Weitere Gemeinden interessiert an einer Zusammenarbeit
Rund 25 Millionen Franken investiert die Firma in den Standort in Villmergen. Der Hauptsitz in Wohlen, der (Luftlinie) nur 200 Meter entfernt auf der anderen Seite der SBB-Gleise liegt, wird beibehalten. Die Grosskunden werden weiter in Wohlen bedient. Villmergen ist die erste Adresse für Private und das Kleingewerbe. Mit dem neuen Standort ergibt sich auch die Möglichkeit, offizielle Sammelstelle für weitere Gemeinden zu werden. Entsprechende Gespräche sind bereits im Gang. Für Thomas Römer macht das Sinn. In vielen kleinen Gemeinden ist die Entsorgungsstelle nur ein- oder zweimal pro Woche geöffnet, das entspricht nicht mehr dem Bedürfnis der Bevölkerung. «Die Gemeinden sollten ein Grundangebot bereithalten. Beispielsweise für Altglas oder Papier. Aber für spezielle Recyclingsorten sind die grossen Sammelstellen besser geeignet», ist er überzeugt.

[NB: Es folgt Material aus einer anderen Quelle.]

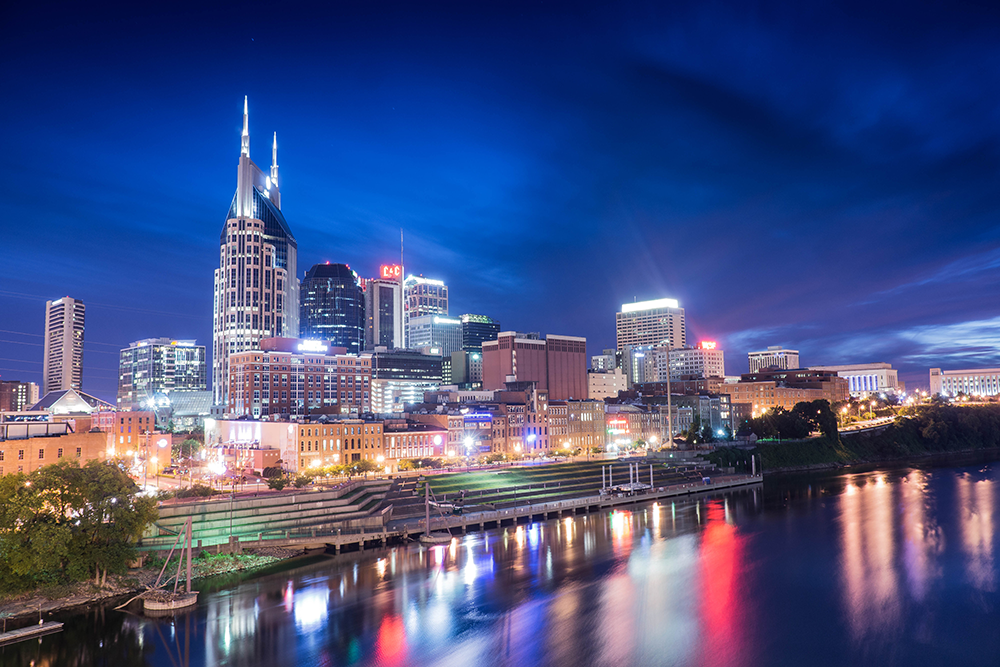 Nashville Skyline Over the River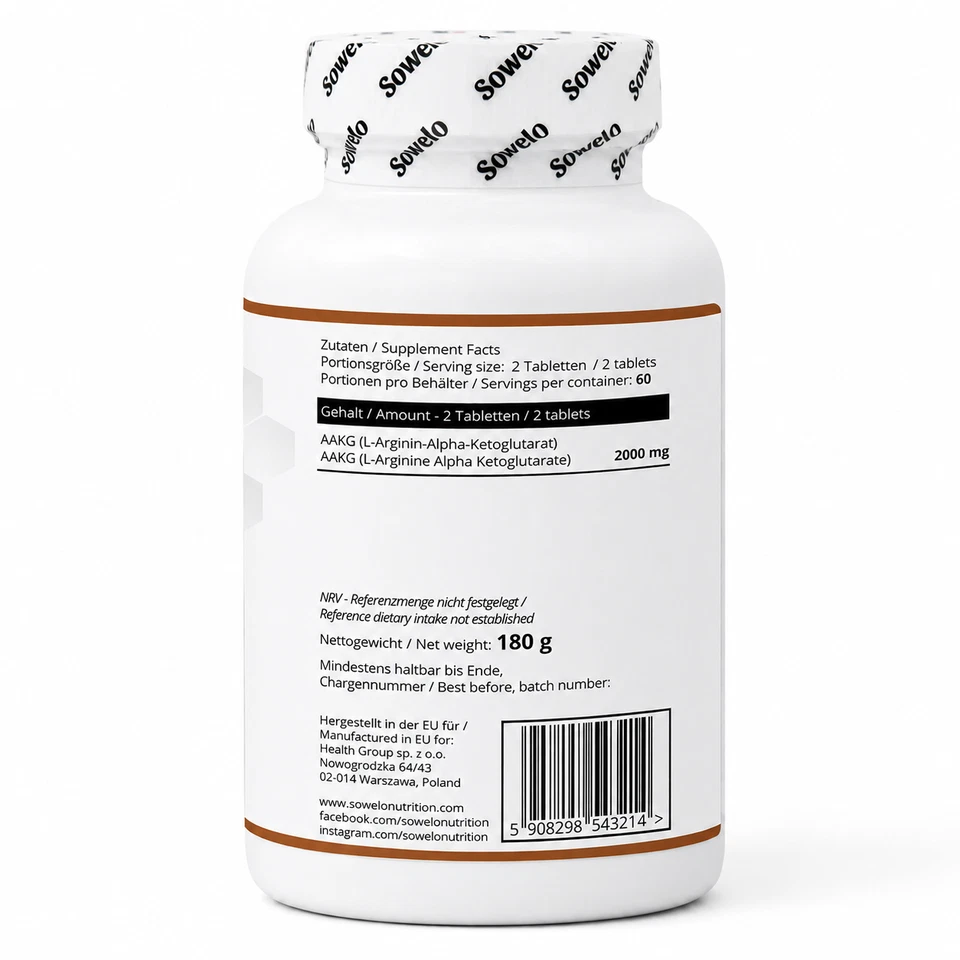 AAKG 1000 mg – L-Arginin für Muskelpumpe & Potenz – Hochdosiert – Sowelo - Bild 2 von 4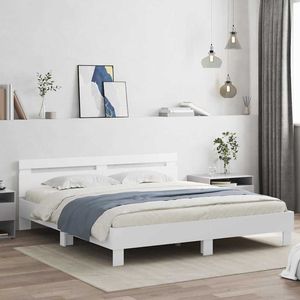 Cadre de lit en bois d'ingénierie avec éclairage LED 75,98 x 79,92 po en métal blanc - Product Image 1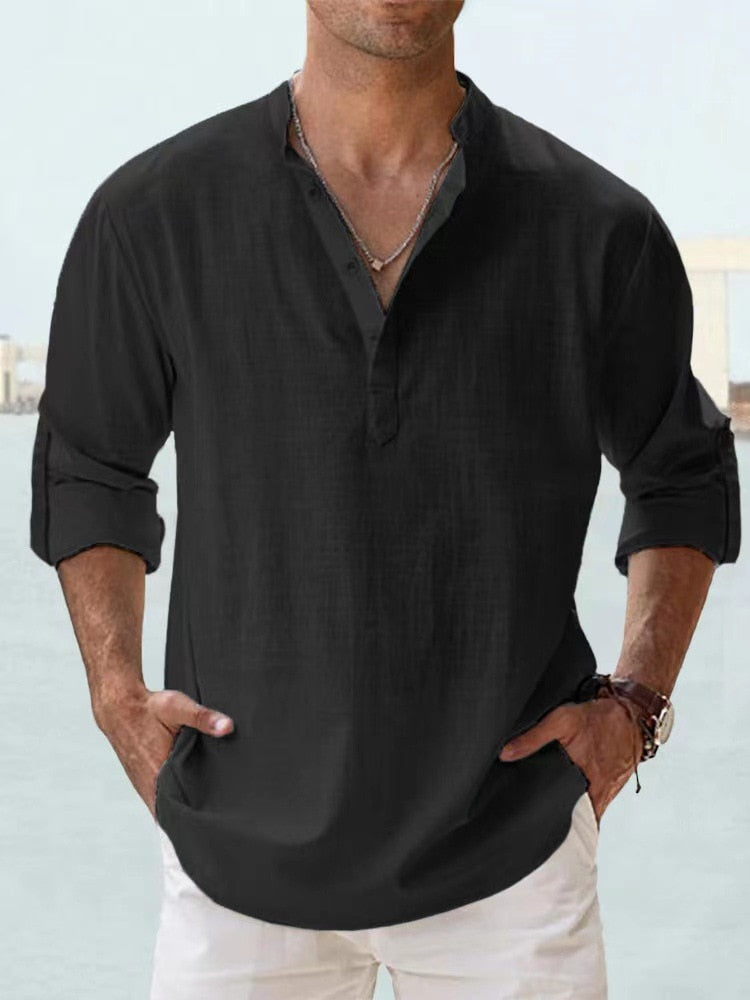 Chemise en lin col V manches longues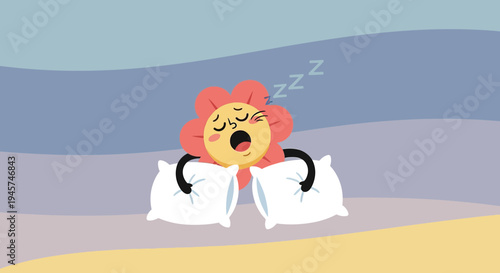 Cute Flower Character Sleeping on Pillows, Cartoon Illustration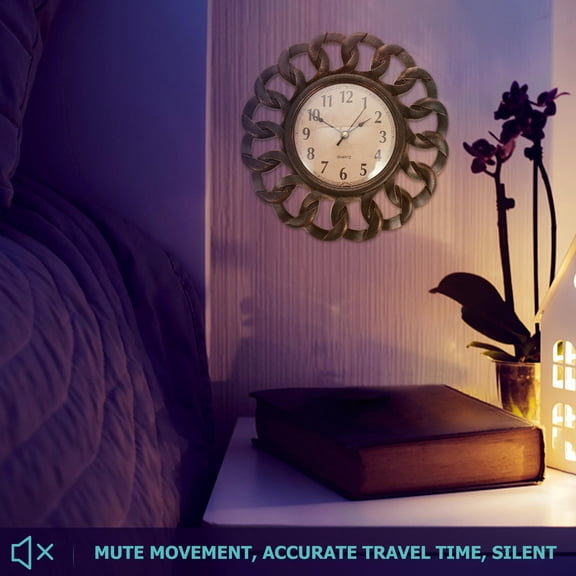 Luxshiny Battery Powered Quiet Movement Coffee Round Wall Clock with Retro Style for Bedroom Decoration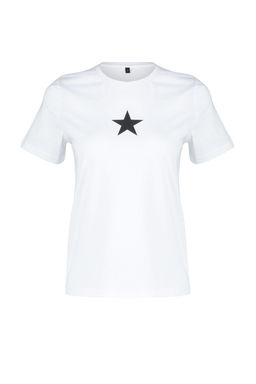 TRENDYOLMILLA Antrasit %100 Pamuk Y?ld?z Bask?l? Regular/Normal Kal?p Bisiklet Yaka Orme T-Shirt TWOSS24TS00095  фото 17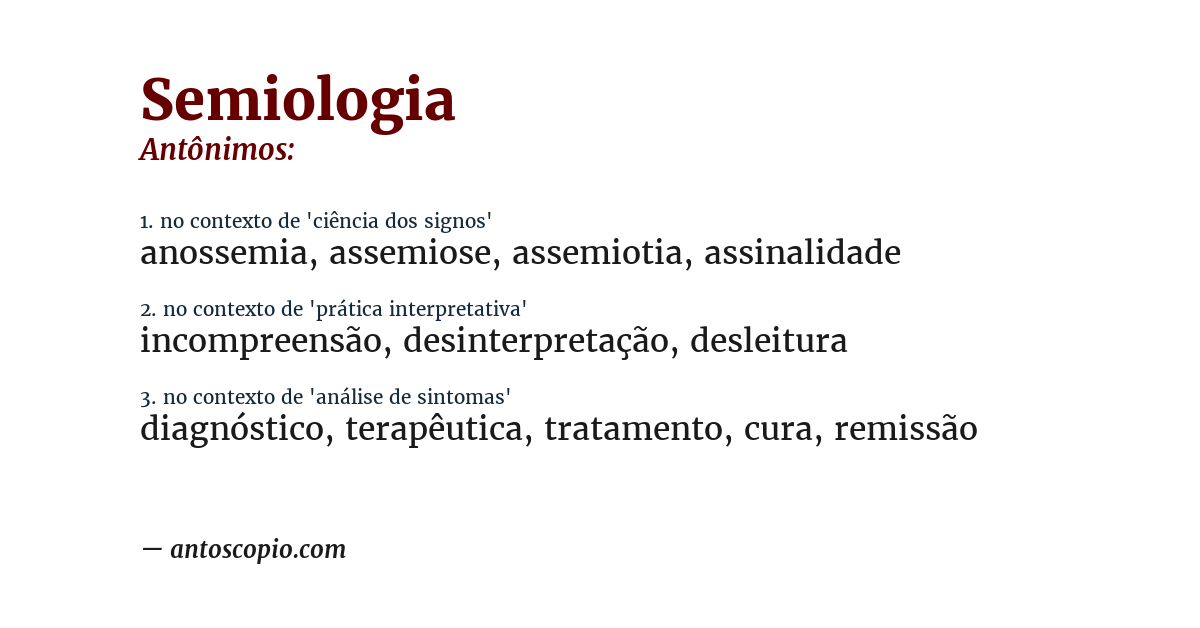 Antônimo de semiologia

Übrigens: Trotz des Wegzugs nach Villmergen bleibt Brings die offizielle Sammelstelle der Gemeinde Wohlen. Letztlich wird der Weg nur ein paar Meter länger. Und die meisten kommen sowieso mit dem Auto. Aber auch Fussgänger und Velofahrer sind am neuen Ort willkommen. Diese können sogar einen Lift nutzen, um ins Obergeschoss und zu den Einwurfstellen zu gelangen. Bequemer geht es fast nicht mehr. Damit will sich die Römer AG von der Konkurrenz abheben. «Der Konkurrenzdruck in der Recyclingbranche ist gross, die Preise hingegen sind teilweise tief. Je besser die Kunden die Abfälle trennen, desto kleiner wird der Sortieraufwand und desto grösser ist der Nutzen für die Umwelt», rechnet Thomas Römer vor.

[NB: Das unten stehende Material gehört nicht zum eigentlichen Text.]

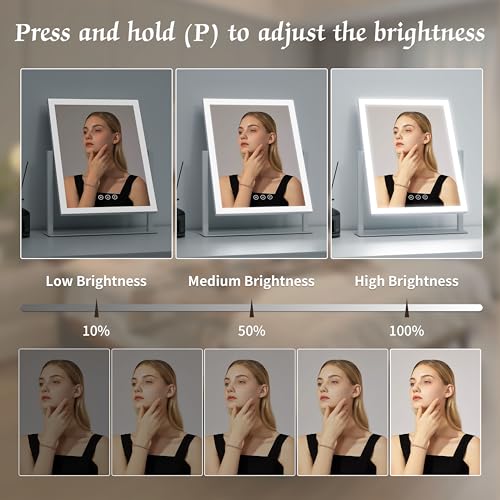 YUMELIVI Hollywood Vanity Mirror with Lights, 16.7"x13.2", 3 Color Modes, Smart Touch Control, 360 Rotatable, Perfect for Bedroom Vanity or Dressing Room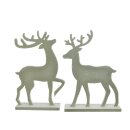 dekorative Deko-Hirsche Hirschfiguren als Silhouette moosgrün samtig beflockt mit kleinen Goldpunkten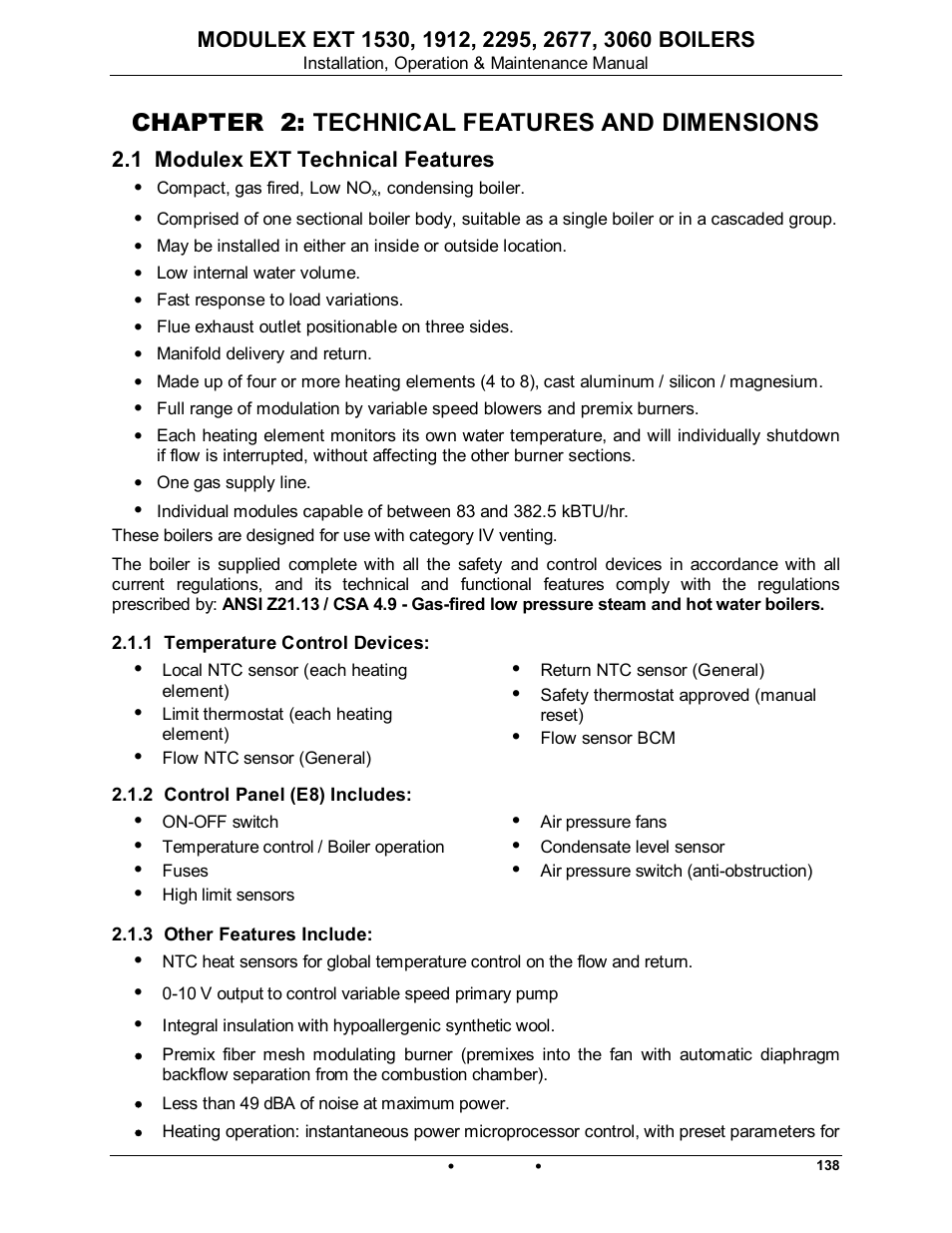 Chapter 2: technical features and dimensions, 1 modulex ext technical features, 1 temperature control devices | 2 control panel (e8) includes, 3 other features include | AERCO Modulex EXT 1530 - 3060 User Manual | Page 15 / 138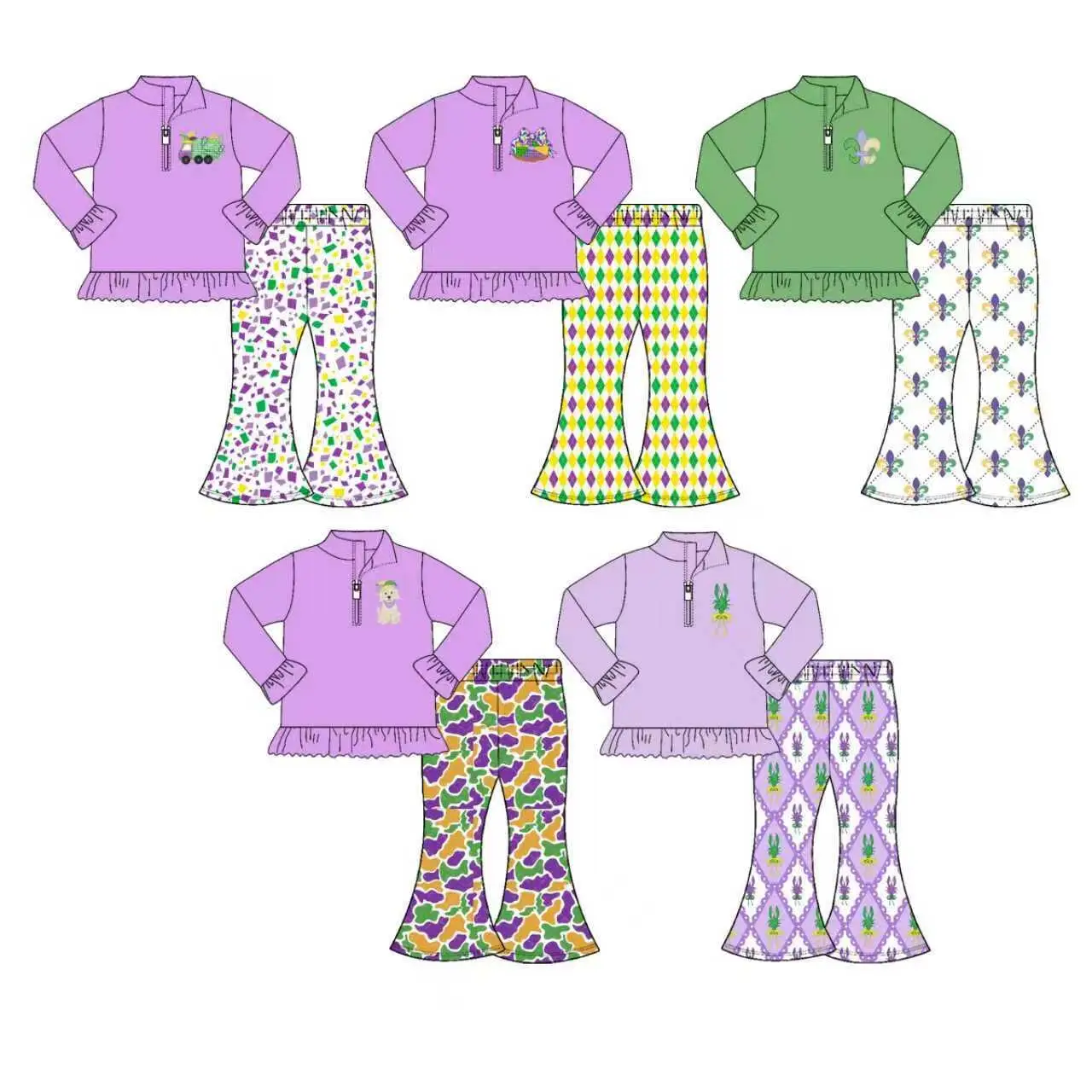 Girls Long Sleeves Lobster Crown Print Zip Pullover T-Shirt Top Bell Bottom Pants Mardi Gras Themed Boutique Outfit Set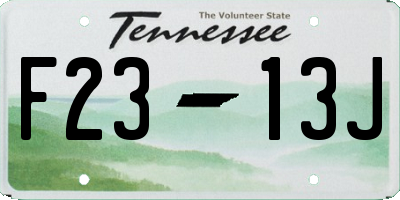 TN license plate F2313J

Plastic-Recycling gewinnt an Bedeutung
Grosse Hoffnung hegt der Unternehmer für den Bereich des Kunststoffrecyclings. Diesen deckt die Firma Syntonex ab, an der die Römer AG beteiligt ist und die nun von Seon nach Villmergen zieht. Hier ortet Thomas Römer ein riesiges Potenzial. «In der neuen Anlage können wir bis zu 10 000 Tonnen Kunststoff recyceln, welcher nachher wieder verarbeitet werden kann», erklärt er. Als Beispiel dienen ihm die Plastikverpackungen bei den Grossverteilern, die in grosser Zahl anfallen und die sich fast vollständig wieder aufbereiten lassen. «Wir können fast 100 Prozent des Materials wiederverwenden. Das ist die Kreislaufwirtschaft, die wir uns für die Zukunft alle wünschen», führt Römer aus. Auch hier soll sein Unternehmen schweizweit ganz vorne mitmischen. Und in Villmergen einen grossen Schritt in die Zukunft machen.